You are viewing the RapidMiner Studio documentation for version 10.0 - Check here for latest version
Process Windows (Time Series)
Synopsis
This operator creates windows from the input time series ExampleSet and loops over its inner subprocess for each of the windows.Description
A window, with the size defined by the window size parameter is created from the input time series and provided at the inner windowed example set port of the operator. Any operators can be inserted into the subprocess and work with the windowed ExampleSet. The results can than be provided to the output port. These output port is a port extender, which means, that a new output port is created every time you connect one of the ports.
If the parameter create horizon (labels) is set to true, additional attributes are added to ExampleSets provided at the output ports. See the description of the parameter for more details. For the next iteration the window is shifted by k values, defined by the step size parameter.

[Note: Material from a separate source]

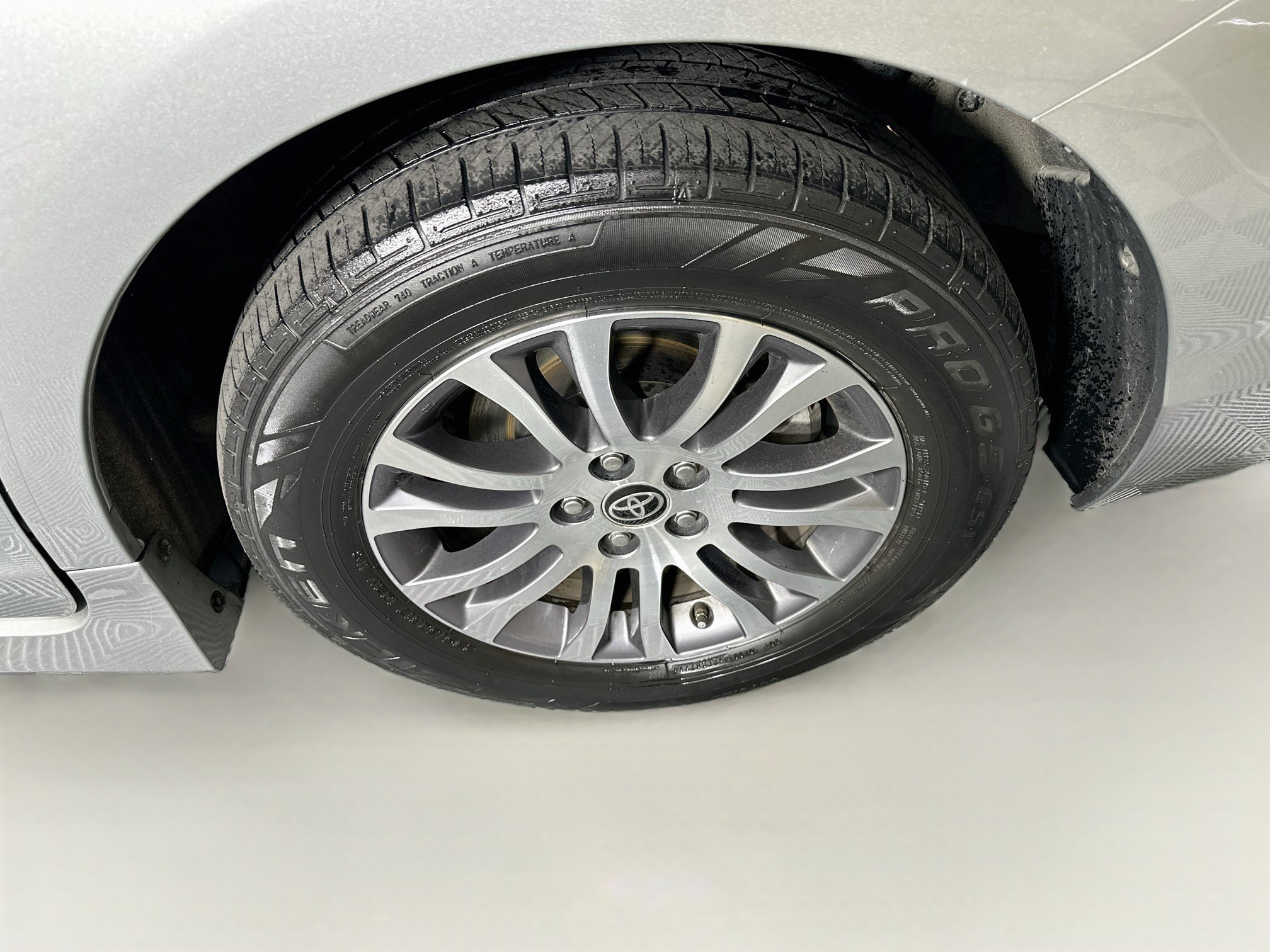 Used 2020 Toyota Sienna XLE Premium FWD image 11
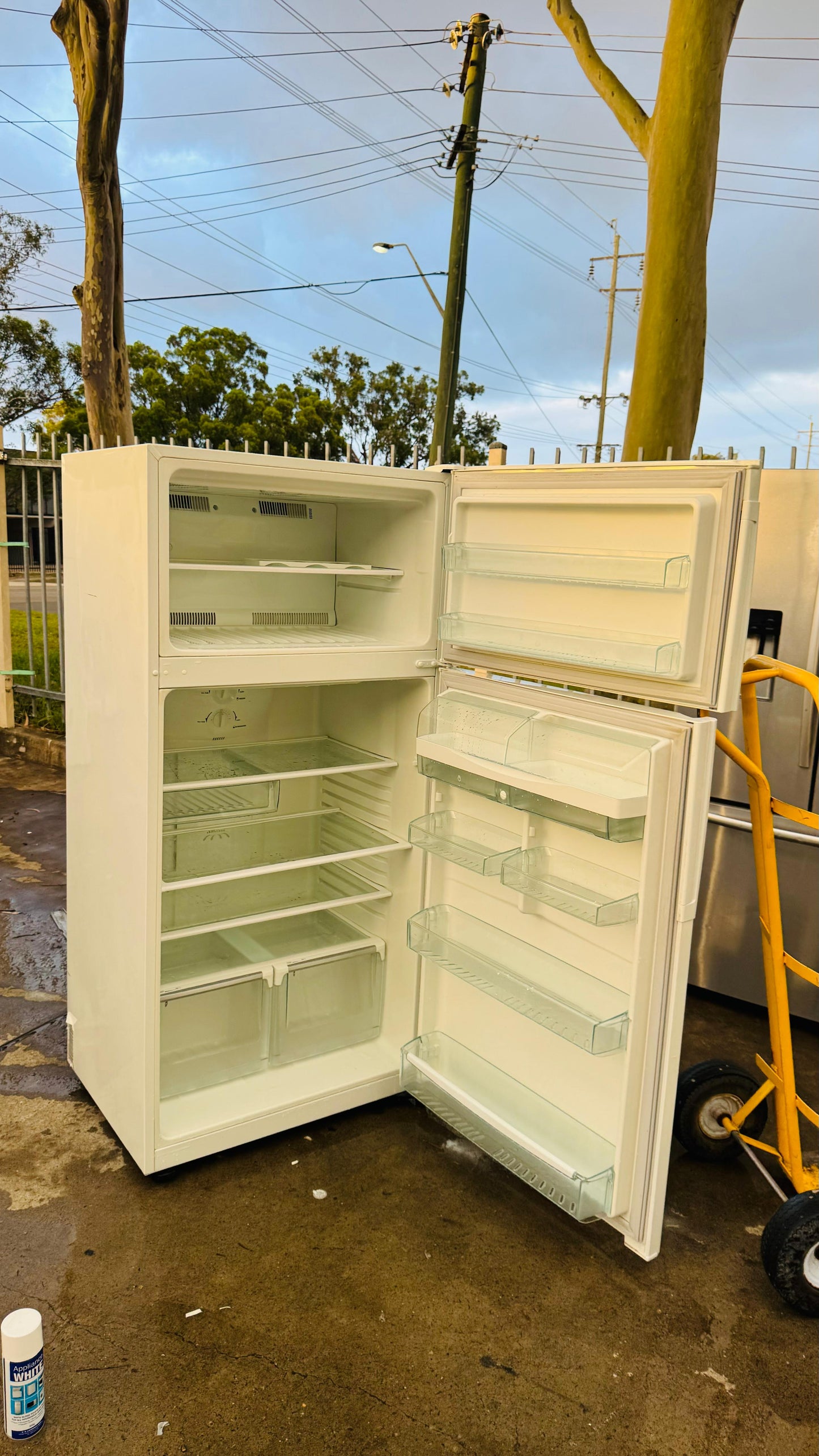 WESTINGHOUSE 520 LITRES FRIDGE FREEZER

The described behavior is the default example based windowing. It can be changed to time based windowing or custom windowing by changing the unit parameter. For time based windowing, the windowing parameter are specified in time durations/periods. For the "custom" windowing an additional ExampleSet has to be provided to the new "custom windows" input port. It holds the start (and optional the stop values) of the windows. For more details see the unit parameter and the description of the corresponding parameters.
Expert settings (for example no overlapping windows, a value for the horizon offset, the empty window handling, the add last index in window attribute parameter ...) can be enabled by selecting the corresponding expert settings parameter.
This operator works on all time series (numerical, nominal and time series with date time values).
Input
- example set (Data Table)
The ExampleSet which contains the time series data as attributes.
- custom windows (Data Table)
The example set which contains the start (and stop) values of the custom windows. Only needs to be connected if the parameter unit is set to custom.
- input (IOObject)
This is port is a port extender, which means if a port is connected a new input port is created. Any IOObject can be connected to the port and is passed to the corresponding inner input port for each iteration.
Output
- output (IOObject)
This is port is a port extender, which means if a port is connected a new output port is created. The port collects every result that is provided by the inner process and returns a collections of all iterations. If the parameters create horizon (labels) or add last index in window attribute is set to true and the connected IOObject is an ExampleSet, additional attributes are added to the ExampleSets. See the description of the corresponding parameters for details.
Parameters
- attribute_filter_type
This parameter allows you to select the filter for the time series attributes selection filter; the method you want to select the attributes which holds the time series values. The different filter types are:
- all: This option selects all attributes of the ExampleSet to be time series attributes. This is the default option.
- single: This option allows the selection of a single time series attribute. The required attribute is selected by the attribute parameter.
- subset: This option allows the selection of multiple time series attributes through a list (see parameter attributes). If the meta data of the ExampleSet is known all attributes are present in the list and the required ones can easily be selected.
- regular_expression: This option allows you to specify a regular expression for the time series attribute selection. The regular expression filter is configured by the parameters regular expression, use except expression and except expression.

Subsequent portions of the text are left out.